* **HOW TO COMPLETE THIS TASK**
Copying task for the records below: reproduce each one exactly and drop the pictures.

Stored data entries:
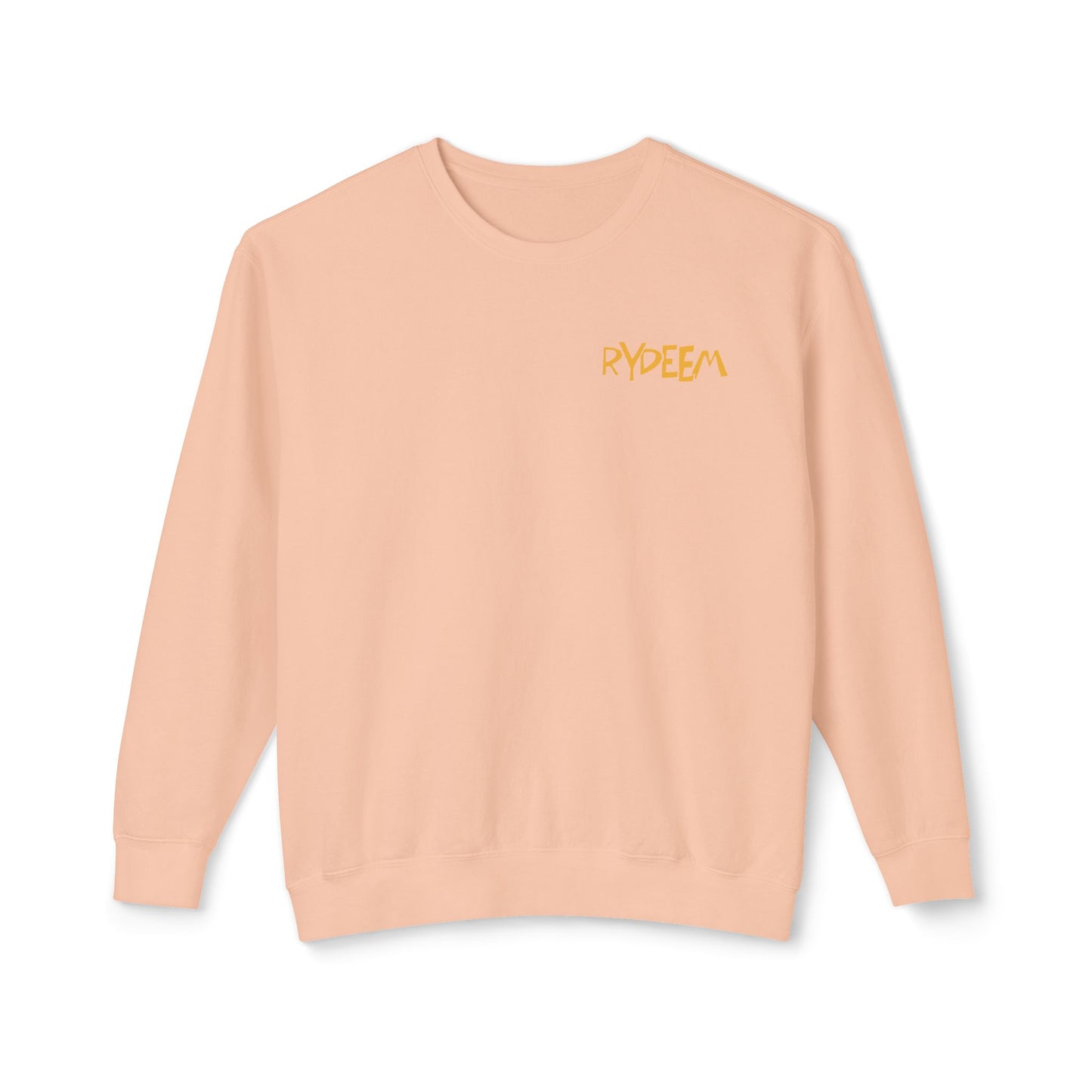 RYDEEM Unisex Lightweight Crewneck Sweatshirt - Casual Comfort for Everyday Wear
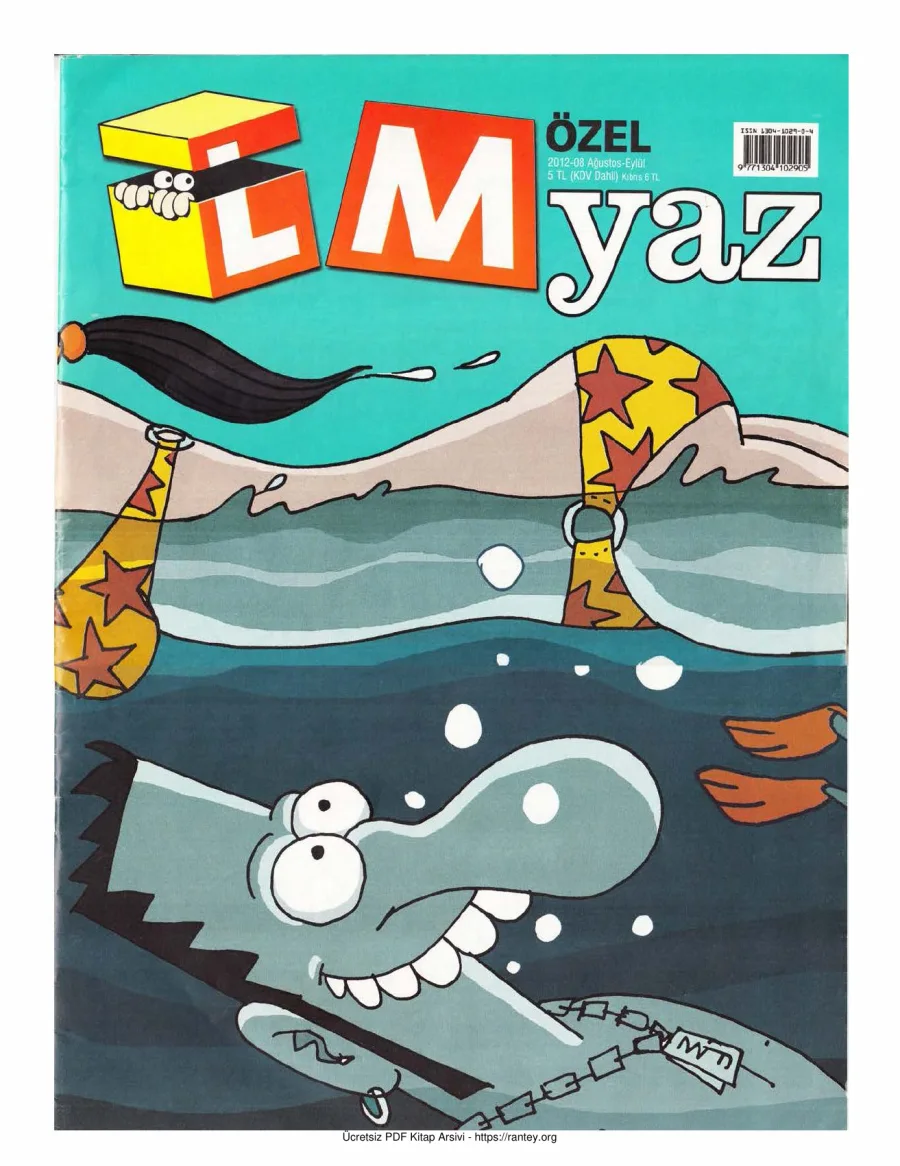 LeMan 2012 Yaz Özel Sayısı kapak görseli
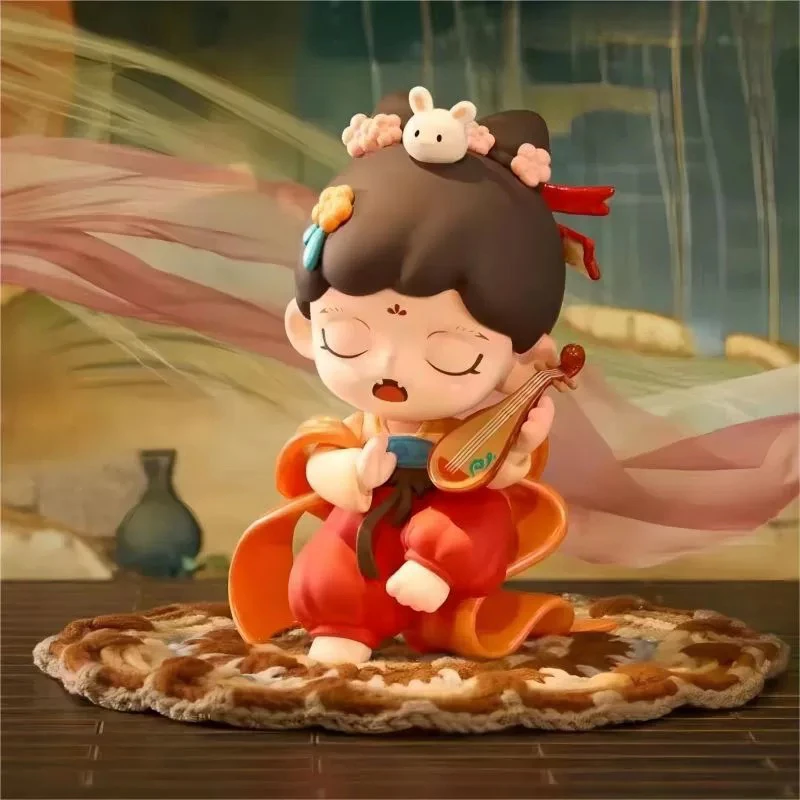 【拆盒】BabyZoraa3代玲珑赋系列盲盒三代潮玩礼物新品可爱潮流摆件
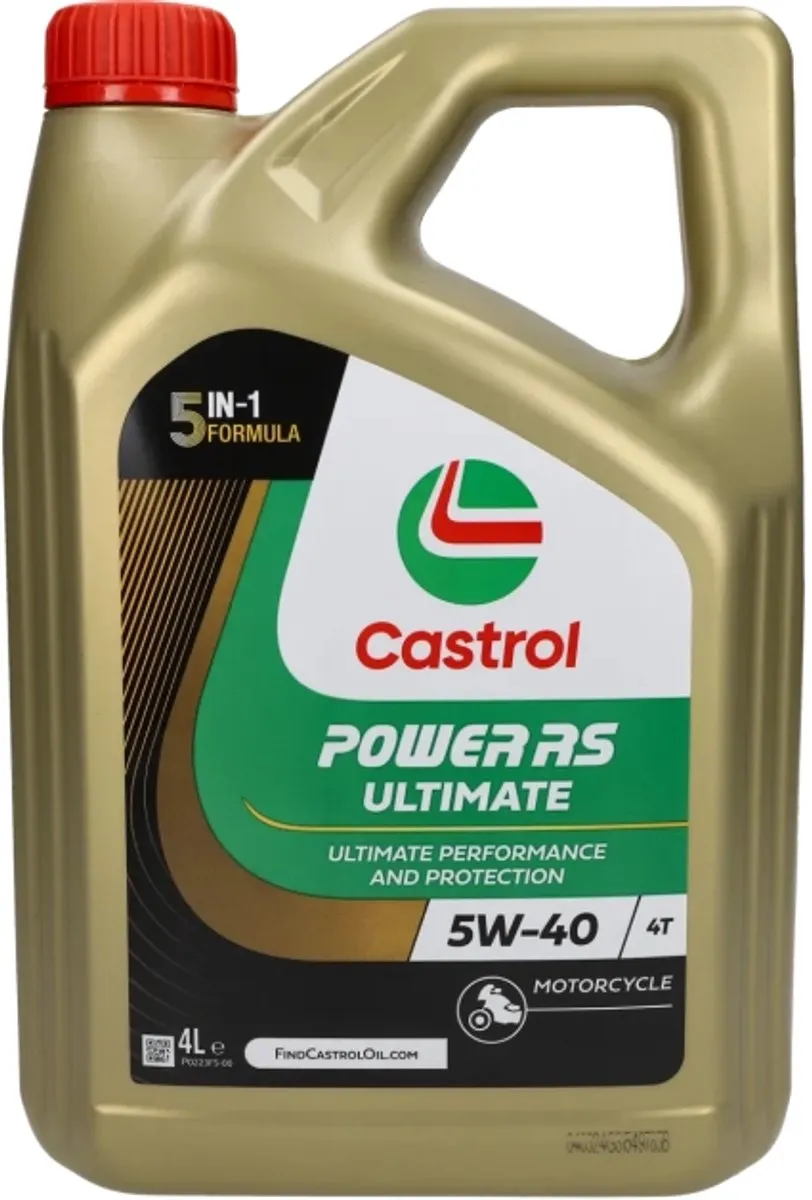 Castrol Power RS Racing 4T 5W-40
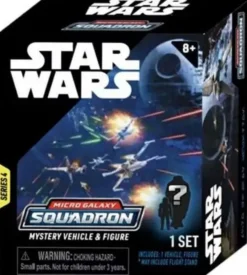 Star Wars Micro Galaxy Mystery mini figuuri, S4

* **TASK RESULT**
 RYDEEM Unisex Lightweight Crewneck Sweatshirt - Casual Comfort for Everyday Wear
 LeMan 2012 Yaz Özel Sayısı kapak görseli
 【拆盒】BabyZoraa3代玲珑赋系列盲盒三代潮玩礼物新品可爱潮流摆件
 Castrol Power RS Racing 4T 5W-40
 Star Wars Micro Galaxy Mystery mini figuuri, S4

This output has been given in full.